Comment 23 Joshua Bell 2012-10-16 09:58:25 PDT
Ojan - I'll let you make the call on un-marking the tests as slow, but the flakiness dashboard looks promising.
Comment 24 Ojan Vafai 2012-10-16 10:52:26 PDT
Overall the performance is much much better. Thanks!

Unfortunately the upstream Chromium Linux Release bot seems to still have the occasional slow run for most tests. If they weren't marked slow, they would have timed out (any time >= 6 would be a timeout on release Chromium bots). Many of the timeouts are after http://trac.webkit.org/changeset/131332.

The vast majority of the time, all these tests take <1 second on this bot. So, it seems like there might be some fishy locking or something going on for each of these tests to intermittently get 10x slower.

http://test-results.appspot.com/dashboards/flakiness_dashboard.html#group=%40ToT%20-%20webkit.org&tests=storage%2Findexeddb
Comment 25 Joshua Bell 2012-10-17 09:34:43 PDT
By dropping the timeout to 3s locally and running all storage/indexeddb tests under fully-parallel (32 workers), I was able to semi-reliably get timeouts and add some instrumentation. 

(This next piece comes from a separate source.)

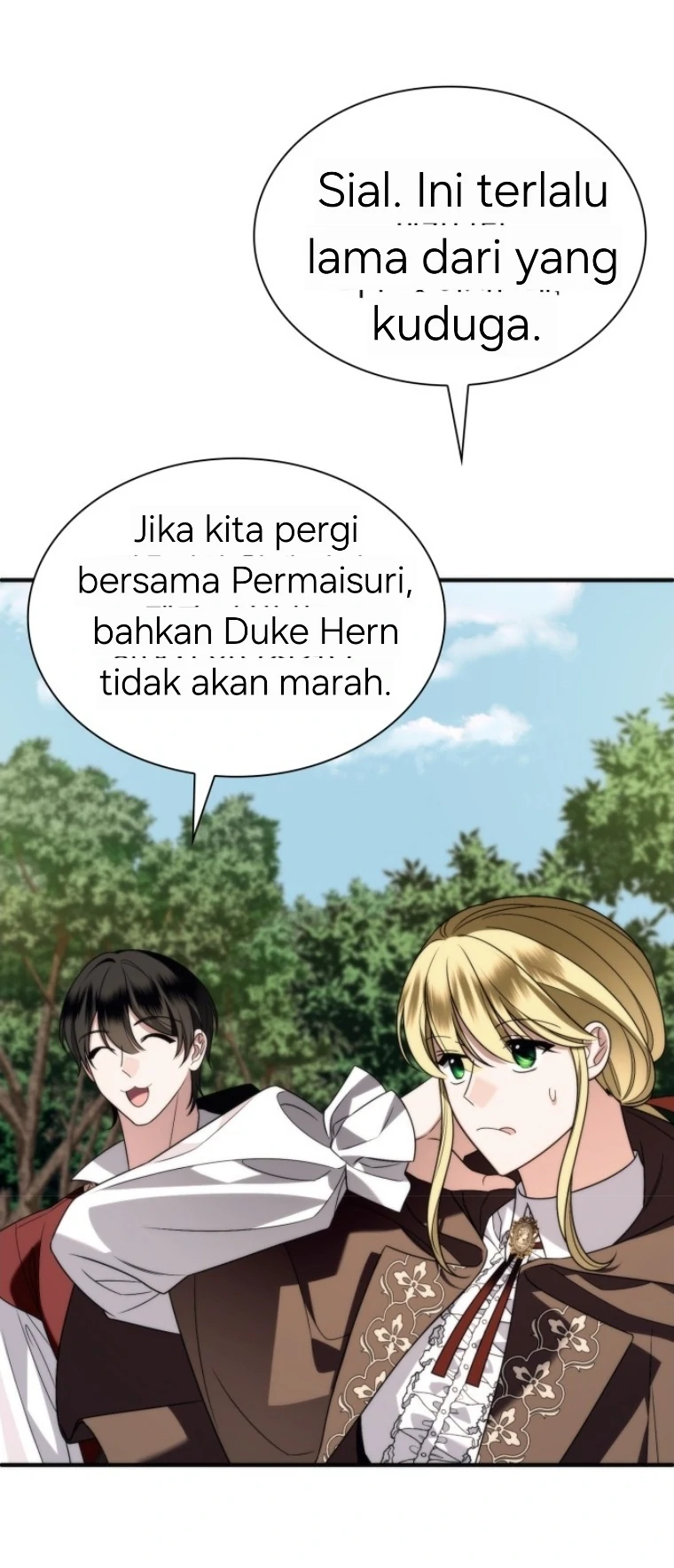 Noble in Name, Vulgar at Heart Chapter 24 Gambar 6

It looks like the symptom for e.g. key-generator.html that the deleteDatabase() call can take around half a second when the system is loaded. This is all going into the commit of the delete write-batch, which is forced to be synchronous on disk via leveldb writeOptions.sync = true which forces an fflush. That would be the "lock" that ojan speculated about.

Setting writeOptions.sync = false drops the times significantly.

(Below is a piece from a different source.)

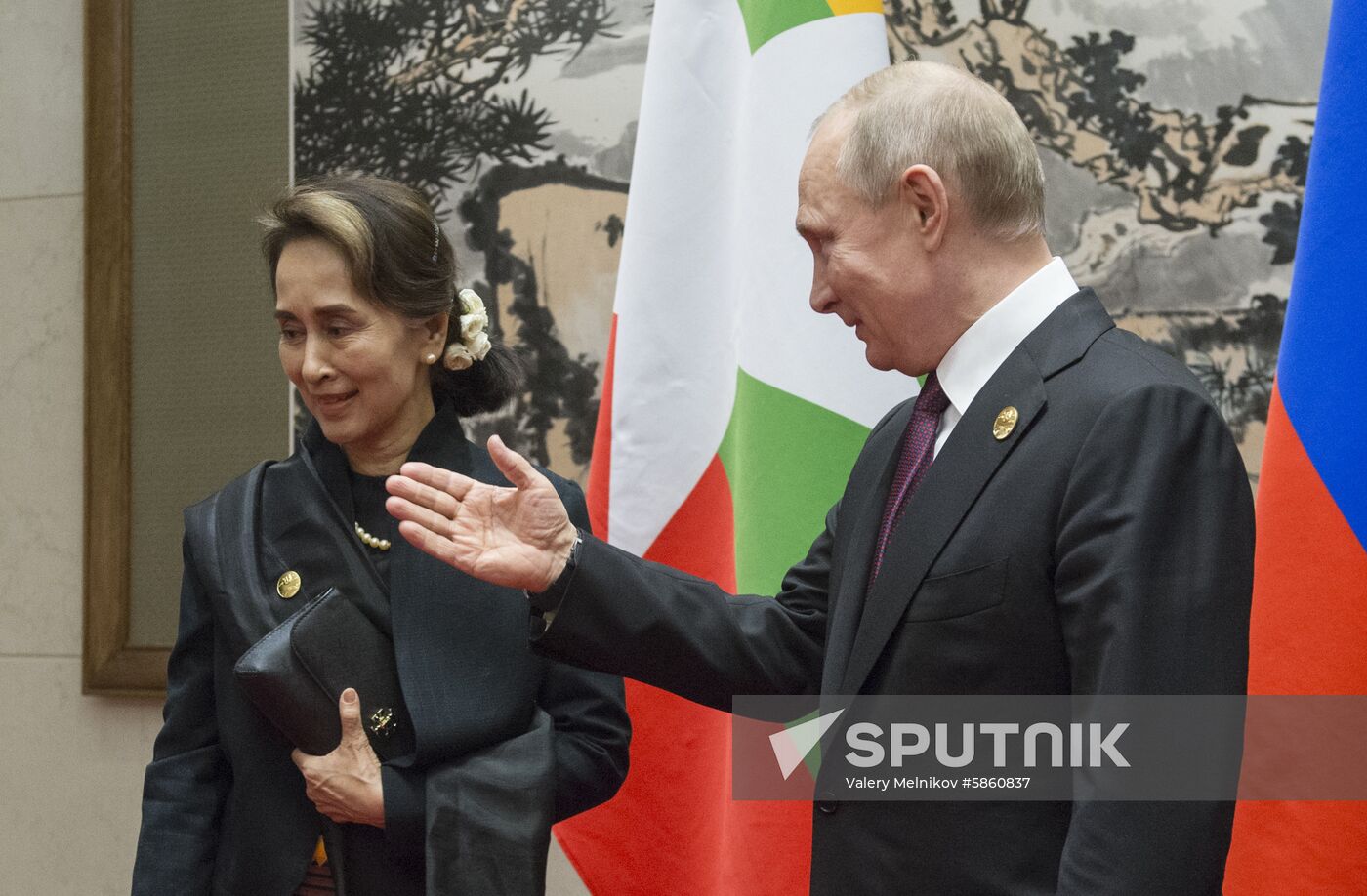 China Russia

Two approaches come to mind:

* Add an Internals API that lets us turn off sync writes for tests
* Switch back to using in-memory backing stores but come up with a mechanism to retain them for the lifetime of a test.
Comment 26 Alec Flett 2012-10-17 12:08:31 PDT
I like 1) - and I wonder if we could synchronously delete the database metadata, but asynchronously delete the data? It may not actually help that much though.
Comment 27 Joshua Bell 2012-10-17 15:20:33 PDT
(In reply to comment #26)
> I wonder if we could synchronously delete the database metadata, but asynchronously delete the data? It may not actually help that much though.

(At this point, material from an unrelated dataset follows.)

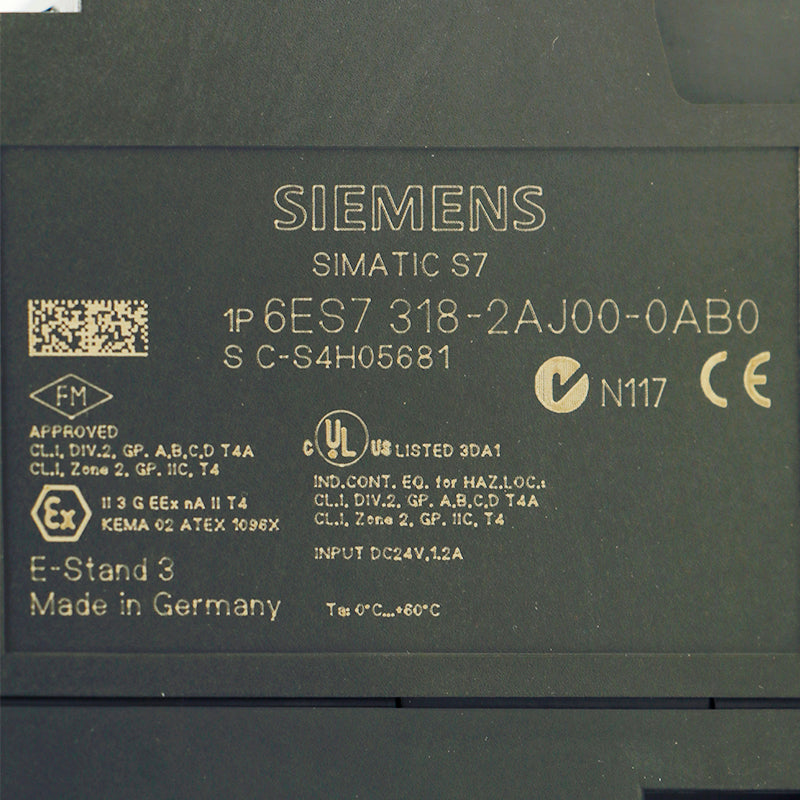 Siemens 6ES7318-2AJ00-0AB0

When this is running in DumpRenderTree I don't think we gain much from it being async.
Comment 28 Dimitri Glazkov (Google) 2012-11-13 10:13:34 PST
Looks like now it's just flakey.
Comment 29 Joshua Bell 2013-02-13 12:41:41 PST
FWIW, I moved my /tmp dir to a ramdisk. All 200 IDB layout tests now take only about 2 seconds to run since disk seek time is no longer relevant.

Perhaps we should configure the bots this way?